Dwarf planet Pluto is seen in an image taken by the Hubble Space Telescope.
Credit: Hubble

Radius, diameter and circumference

Pluto has a mean radius of 715 miles (1,151 kilometers), less than 20 percent that of Earth. Unlike many of the planets in the solar system, such as Earth, Pluto does not bulge at its center; its radius is the same at its poles and at its equator. The diameter of the planet is 1,430 miles (2,302 km), only about two-thirds the diameter of the moon.

If you were to take a walk around the equator of Pluto, you would travel 4,494 miles (7,232 km). That is only about 1,400 miles farther than a trip across the United States, from Augusta, Maine, to Los Angeles, Calif.

Pluto is thought to have a rocky core covered by ice, which would mean that its surface features would change with temperature as it travels closer to and farther from the sun. In fact, as the ice melts, the atmosphere of the tiny body expands outward.

Unfortunately, the distance to Pluto makes studying the dwarf planet a challenge. This should be remedied when the New Horizons probe arrives in 2015.

Density, mass and volume

Although all of the planets beyond Mars are gas giants, Pluto is small and rocky. The tiny body has a mass of only 1.31 x 1022 kilograms, about two-tenths of a percent of Earth's. It has a volume of 1.5 billion cubic miles (6.4 billion cubic km).

Pluto's small size and low mass mean that it has a density of 2.05 grams per cubic centimeter, about 40 percent of Earth's density.

Demoted from planetary status

Since its discovery in 1930, Pluto's status as a planet has been debated. It is less massive than seven of the moons in the solar system — Earth's moon, the four Galilean moons of Jupiter, Neptune's moon Triton, and Saturn's moon Titan. [Infographic: Pluto's 5 Moons Explained]

In 2003, the icy body of Eris was found far beyond the Kuiper Belt. Originally, it appeared to be larger than Pluto. The discovery sparked a debate about what it meant to be a planet.

In 2006, the International Astronomical Union came up with four criteria that cause an object to be classified as a dwarf planet.
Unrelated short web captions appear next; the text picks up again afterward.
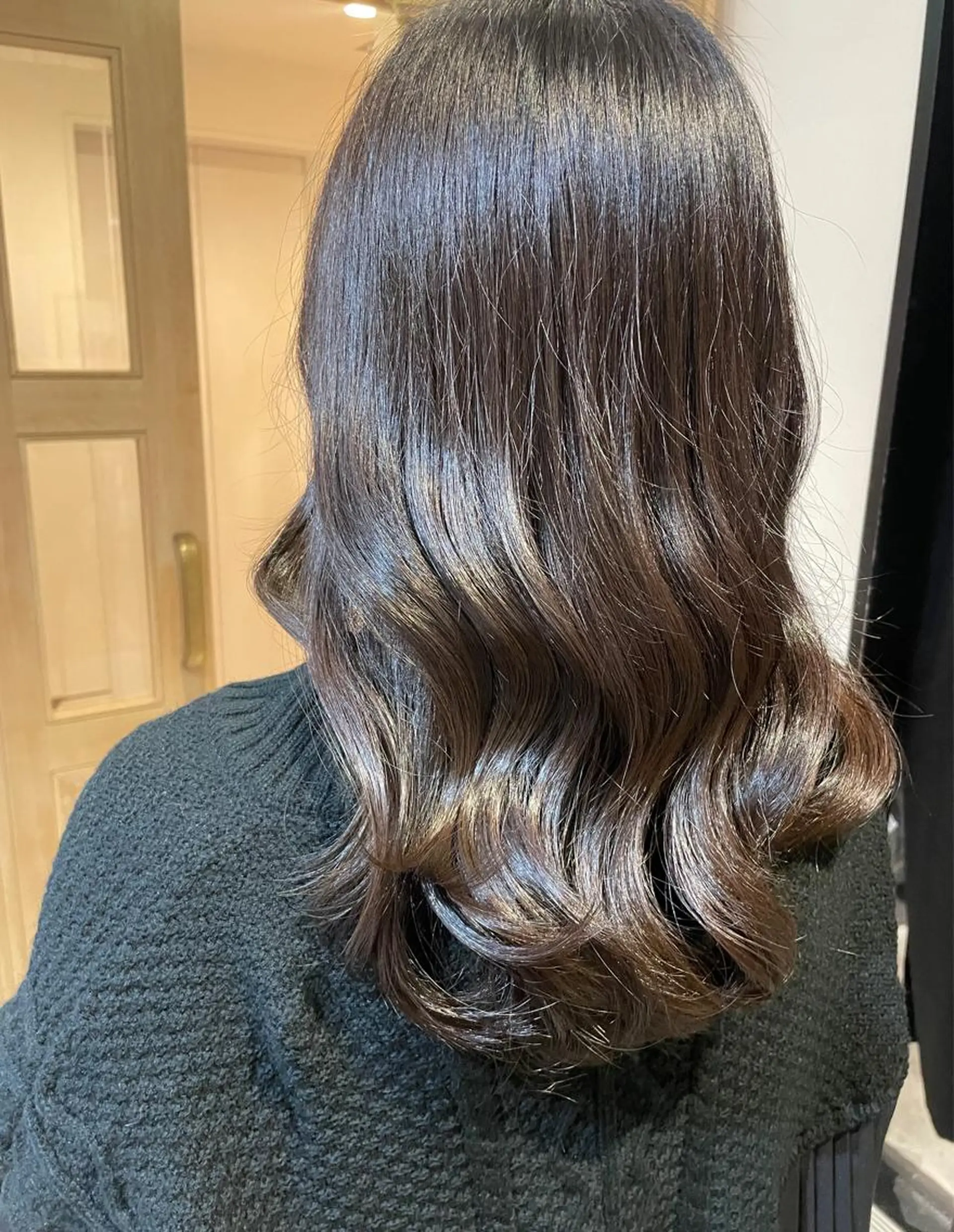 ロング カラー newi梅田🫧韓国 ヘア🫧sakiのヘアスタイル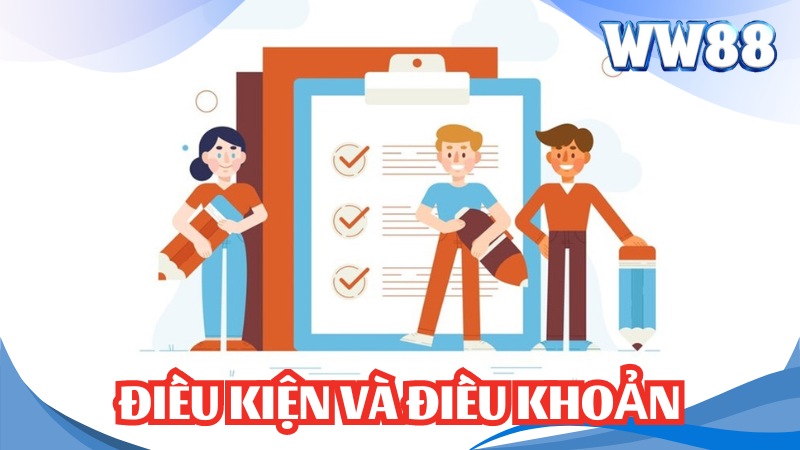 Điều Kiện Và Điều Khoản Sử Dụng Tại Nhà Cái WW88 1 Điều kiện và điều khoản WW88 về bảo mật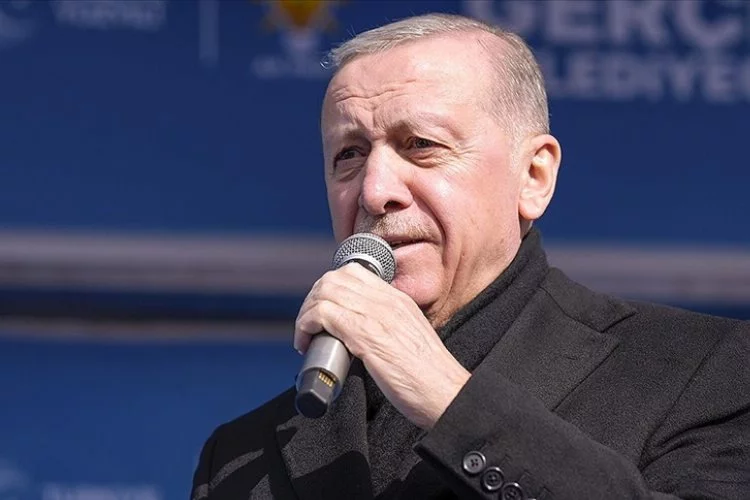 Cumhurbaşkanı Erdoğan Yeniden Büyük İstanbul Mitinginde açıklamalarda bulunuyor: İstanbul'daki metroların tamamını biz yaptık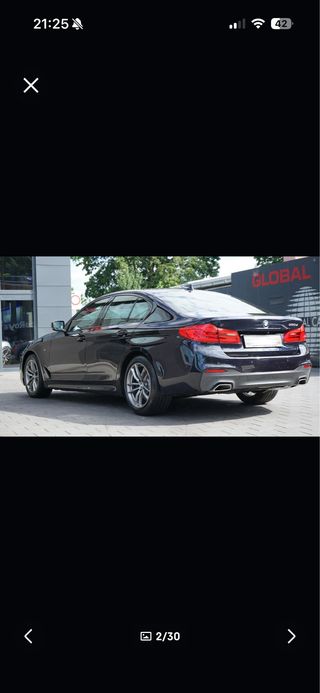 BMW 530 D AUT. M/SPORTPAKET 265 CVS 2020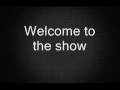 welcome to the show adam lambert feat laleh lyrics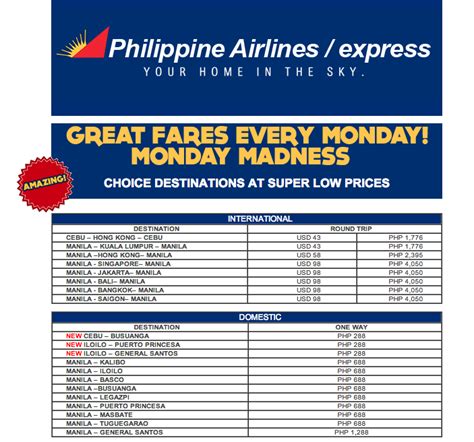 www.philippineairlines.com.ph promo|Domestic Deals .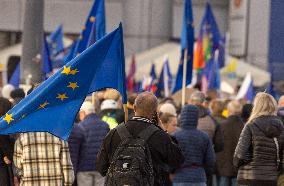 Staying in the European Union Rally - Poland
A dwarf planet:

  • Orbits the sun
  • Has enough mass to assume a nearly round shape
  • Is not a moon
  • Has not cleared the neighborhood around its orbit

Under this criteria, Pluto's low mass does not directly keep it from full planetary status, but the fact that it fails to sweep clean the area surrounding it. Of course, the reason it can't clear out the Kuiper Belt it orbits through is because it lacks the gravitational force to do so, a fact related to its mass.